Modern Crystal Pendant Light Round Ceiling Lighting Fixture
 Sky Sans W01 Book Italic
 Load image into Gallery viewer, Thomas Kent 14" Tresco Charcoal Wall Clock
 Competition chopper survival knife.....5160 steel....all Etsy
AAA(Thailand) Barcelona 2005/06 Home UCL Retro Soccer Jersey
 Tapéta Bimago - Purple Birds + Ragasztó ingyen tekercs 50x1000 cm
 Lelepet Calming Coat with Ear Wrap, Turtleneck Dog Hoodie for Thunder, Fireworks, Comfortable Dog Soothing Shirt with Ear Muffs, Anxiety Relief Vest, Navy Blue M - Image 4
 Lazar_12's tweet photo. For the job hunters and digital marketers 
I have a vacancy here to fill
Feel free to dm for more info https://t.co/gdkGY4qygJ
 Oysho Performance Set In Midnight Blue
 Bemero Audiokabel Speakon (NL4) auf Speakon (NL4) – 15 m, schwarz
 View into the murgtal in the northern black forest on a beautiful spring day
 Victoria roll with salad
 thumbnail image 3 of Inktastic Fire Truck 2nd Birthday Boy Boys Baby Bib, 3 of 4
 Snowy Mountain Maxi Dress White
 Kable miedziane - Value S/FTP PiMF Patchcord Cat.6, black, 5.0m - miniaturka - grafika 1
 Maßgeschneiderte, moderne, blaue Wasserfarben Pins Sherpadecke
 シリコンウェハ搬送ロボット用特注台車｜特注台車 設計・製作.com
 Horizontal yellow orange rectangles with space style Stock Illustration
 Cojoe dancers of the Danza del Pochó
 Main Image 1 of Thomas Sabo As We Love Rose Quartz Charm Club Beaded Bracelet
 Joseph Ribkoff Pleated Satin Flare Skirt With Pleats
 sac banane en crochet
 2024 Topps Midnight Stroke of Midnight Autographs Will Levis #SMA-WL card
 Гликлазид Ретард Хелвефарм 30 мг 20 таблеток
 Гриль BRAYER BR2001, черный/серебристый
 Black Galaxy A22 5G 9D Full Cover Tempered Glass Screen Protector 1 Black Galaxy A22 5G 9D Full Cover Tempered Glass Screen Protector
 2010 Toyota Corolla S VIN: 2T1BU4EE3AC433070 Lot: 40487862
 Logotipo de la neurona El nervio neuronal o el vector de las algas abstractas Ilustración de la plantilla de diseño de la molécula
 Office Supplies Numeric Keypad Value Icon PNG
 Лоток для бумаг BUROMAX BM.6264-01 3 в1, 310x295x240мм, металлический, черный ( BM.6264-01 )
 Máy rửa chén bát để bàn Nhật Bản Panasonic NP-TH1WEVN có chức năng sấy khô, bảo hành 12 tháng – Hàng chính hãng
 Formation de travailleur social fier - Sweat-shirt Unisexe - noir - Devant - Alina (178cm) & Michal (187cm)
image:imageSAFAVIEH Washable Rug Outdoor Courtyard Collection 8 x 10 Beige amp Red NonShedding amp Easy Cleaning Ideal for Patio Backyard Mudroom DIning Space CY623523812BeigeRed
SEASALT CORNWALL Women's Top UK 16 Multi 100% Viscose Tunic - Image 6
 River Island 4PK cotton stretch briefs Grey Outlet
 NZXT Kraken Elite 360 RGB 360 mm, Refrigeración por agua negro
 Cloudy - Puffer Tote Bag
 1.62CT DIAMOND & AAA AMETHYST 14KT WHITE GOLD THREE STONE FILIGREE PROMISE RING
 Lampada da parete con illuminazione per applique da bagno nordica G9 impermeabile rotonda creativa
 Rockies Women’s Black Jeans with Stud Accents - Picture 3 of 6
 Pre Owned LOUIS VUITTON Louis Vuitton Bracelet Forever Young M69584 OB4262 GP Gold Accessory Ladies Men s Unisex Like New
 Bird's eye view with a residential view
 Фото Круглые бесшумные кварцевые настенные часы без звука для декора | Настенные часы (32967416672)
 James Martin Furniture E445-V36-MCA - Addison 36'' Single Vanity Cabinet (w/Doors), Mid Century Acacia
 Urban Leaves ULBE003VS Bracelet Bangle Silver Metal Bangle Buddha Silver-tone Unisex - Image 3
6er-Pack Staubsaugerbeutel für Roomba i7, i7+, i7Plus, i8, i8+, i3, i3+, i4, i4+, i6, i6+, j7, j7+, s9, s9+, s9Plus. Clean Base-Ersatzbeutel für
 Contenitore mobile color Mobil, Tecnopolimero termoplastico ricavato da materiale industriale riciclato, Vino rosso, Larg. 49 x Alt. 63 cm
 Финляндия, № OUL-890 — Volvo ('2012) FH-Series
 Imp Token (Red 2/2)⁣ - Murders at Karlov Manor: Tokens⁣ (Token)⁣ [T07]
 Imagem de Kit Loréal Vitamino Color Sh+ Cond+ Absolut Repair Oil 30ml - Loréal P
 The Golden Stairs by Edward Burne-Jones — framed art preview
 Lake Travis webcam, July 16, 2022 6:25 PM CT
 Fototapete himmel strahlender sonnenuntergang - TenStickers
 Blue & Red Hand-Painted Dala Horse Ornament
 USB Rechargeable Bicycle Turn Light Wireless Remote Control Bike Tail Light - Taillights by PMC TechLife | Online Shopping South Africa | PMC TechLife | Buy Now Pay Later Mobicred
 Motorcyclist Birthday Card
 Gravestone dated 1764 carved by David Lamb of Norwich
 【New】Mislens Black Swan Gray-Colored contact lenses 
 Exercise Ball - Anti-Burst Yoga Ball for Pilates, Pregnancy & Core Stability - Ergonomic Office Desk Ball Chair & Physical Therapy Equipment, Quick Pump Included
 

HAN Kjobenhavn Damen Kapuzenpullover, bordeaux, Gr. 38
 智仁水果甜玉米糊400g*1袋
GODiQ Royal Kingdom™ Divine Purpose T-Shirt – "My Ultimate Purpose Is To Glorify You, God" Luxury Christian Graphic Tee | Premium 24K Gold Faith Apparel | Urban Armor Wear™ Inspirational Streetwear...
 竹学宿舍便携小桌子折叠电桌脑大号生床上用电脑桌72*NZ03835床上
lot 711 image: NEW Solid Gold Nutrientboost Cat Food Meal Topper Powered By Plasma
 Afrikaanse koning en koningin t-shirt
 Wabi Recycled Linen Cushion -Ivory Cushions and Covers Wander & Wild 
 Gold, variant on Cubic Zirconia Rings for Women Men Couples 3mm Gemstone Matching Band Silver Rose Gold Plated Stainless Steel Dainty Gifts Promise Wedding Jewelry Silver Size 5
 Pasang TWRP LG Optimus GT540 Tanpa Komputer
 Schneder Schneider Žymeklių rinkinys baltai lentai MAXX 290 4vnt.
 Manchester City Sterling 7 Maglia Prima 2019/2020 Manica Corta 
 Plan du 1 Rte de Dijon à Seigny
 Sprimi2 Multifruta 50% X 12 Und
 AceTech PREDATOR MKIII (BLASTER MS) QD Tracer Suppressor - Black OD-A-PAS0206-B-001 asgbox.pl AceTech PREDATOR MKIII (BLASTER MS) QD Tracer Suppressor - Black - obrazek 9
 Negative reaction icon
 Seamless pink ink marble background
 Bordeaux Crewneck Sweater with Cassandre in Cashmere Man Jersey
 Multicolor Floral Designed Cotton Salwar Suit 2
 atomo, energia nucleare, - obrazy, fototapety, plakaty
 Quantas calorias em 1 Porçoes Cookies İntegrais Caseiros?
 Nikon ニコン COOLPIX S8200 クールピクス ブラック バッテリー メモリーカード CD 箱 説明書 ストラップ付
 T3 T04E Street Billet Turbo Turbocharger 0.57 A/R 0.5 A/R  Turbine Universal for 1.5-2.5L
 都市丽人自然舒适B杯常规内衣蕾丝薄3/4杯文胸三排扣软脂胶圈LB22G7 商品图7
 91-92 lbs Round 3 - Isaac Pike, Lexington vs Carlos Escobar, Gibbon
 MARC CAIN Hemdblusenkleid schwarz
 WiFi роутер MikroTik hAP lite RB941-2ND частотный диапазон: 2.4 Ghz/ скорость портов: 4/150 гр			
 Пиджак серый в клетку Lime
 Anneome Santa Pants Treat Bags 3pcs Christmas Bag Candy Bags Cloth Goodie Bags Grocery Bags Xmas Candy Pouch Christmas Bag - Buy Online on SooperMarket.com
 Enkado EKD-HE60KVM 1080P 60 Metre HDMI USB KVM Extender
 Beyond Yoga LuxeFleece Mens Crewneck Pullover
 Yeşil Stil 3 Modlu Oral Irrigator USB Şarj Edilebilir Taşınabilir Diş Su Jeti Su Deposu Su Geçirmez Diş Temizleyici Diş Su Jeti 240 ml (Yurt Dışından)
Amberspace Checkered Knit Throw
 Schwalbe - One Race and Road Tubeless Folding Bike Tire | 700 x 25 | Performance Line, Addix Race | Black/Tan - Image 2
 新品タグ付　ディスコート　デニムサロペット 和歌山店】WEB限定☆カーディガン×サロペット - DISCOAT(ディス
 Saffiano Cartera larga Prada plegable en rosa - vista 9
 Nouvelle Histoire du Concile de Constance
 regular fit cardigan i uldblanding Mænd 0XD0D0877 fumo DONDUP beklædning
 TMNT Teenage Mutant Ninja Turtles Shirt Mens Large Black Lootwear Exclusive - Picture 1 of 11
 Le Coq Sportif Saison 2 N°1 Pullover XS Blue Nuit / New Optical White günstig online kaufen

▶ _YOUR GOAL_:
Begin at the line above that has "Лоток для бумаг" and stop after the line that has "Blue & Red Hand-Painted Dala Horse Ornament", copying each line exactly and adding nothing else.

▶ _EXERCISE OUTPUT_:
 Лоток для бумаг BUROMAX BM.6264-01 3 в1, 310x295x240мм, металлический, черный ( BM.6264-01 )
 Máy rửa chén bát để bàn Nhật Bản Panasonic NP-TH1WEVN có chức năng sấy khô, bảo hành 12 tháng – Hàng chính hãng
 Formation de travailleur social fier - Sweat-shirt Unisexe - noir - Devant - Alina (178cm) & Michal (187cm)
image:imageSAFAVIEH Washable Rug Outdoor Courtyard Collection 8 x 10 Beige amp Red NonShedding amp Easy Cleaning Ideal for Patio Backyard Mudroom DIning Space CY623523812BeigeRed
SEASALT CORNWALL Women's Top UK 16 Multi 100% Viscose Tunic - Image 6
 River Island 4PK cotton stretch briefs Grey Outlet
 NZXT Kraken Elite 360 RGB 360 mm, Refrigeración por agua negro
 Cloudy - Puffer Tote Bag
 1.62CT DIAMOND & AAA AMETHYST 14KT WHITE GOLD THREE STONE FILIGREE PROMISE RING
 Lampada da parete con illuminazione per applique da bagno nordica G9 impermeabile rotonda creativa
 Rockies Women’s Black Jeans with Stud Accents - Picture 3 of 6
 Pre Owned LOUIS VUITTON Louis Vuitton Bracelet Forever Young M69584 OB4262 GP Gold Accessory Ladies Men s Unisex Like New
 Bird's eye view with a residential view
 Фото Круглые бесшумные кварцевые настенные часы без звука для декора | Настенные часы (32967416672)
 James Martin Furniture E445-V36-MCA - Addison 36'' Single Vanity Cabinet (w/Doors), Mid Century Acacia
 Urban Leaves ULBE003VS Bracelet Bangle Silver Metal Bangle Buddha Silver-tone Unisex - Image 3
6er-Pack Staubsaugerbeutel für Roomba i7, i7+, i7Plus, i8, i8+, i3, i3+, i4, i4+, i6, i6+, j7, j7+, s9, s9+, s9Plus. Clean Base-Ersatzbeutel für
 Contenitore mobile color Mobil, Tecnopolimero termoplastico ricavato da materiale industriale riciclato, Vino rosso, Larg. 49 x Alt. 63 cm
 Финляндия, № OUL-890 — Volvo ('2012) FH-Series
 Imp Token (Red 2/2)⁣ - Murders at Karlov Manor: Tokens⁣ (Token)⁣ [T07]
 Imagem de Kit Loréal Vitamino Color Sh+ Cond+ Absolut Repair Oil 30ml - Loréal P
 The Golden Stairs by Edward Burne-Jones — framed art preview
 Lake Travis webcam, July 16, 2022 6:25 PM CT
 Fototapete himmel strahlender sonnenuntergang - TenStickers
 Blue & Red Hand-Painted Dala Horse Ornament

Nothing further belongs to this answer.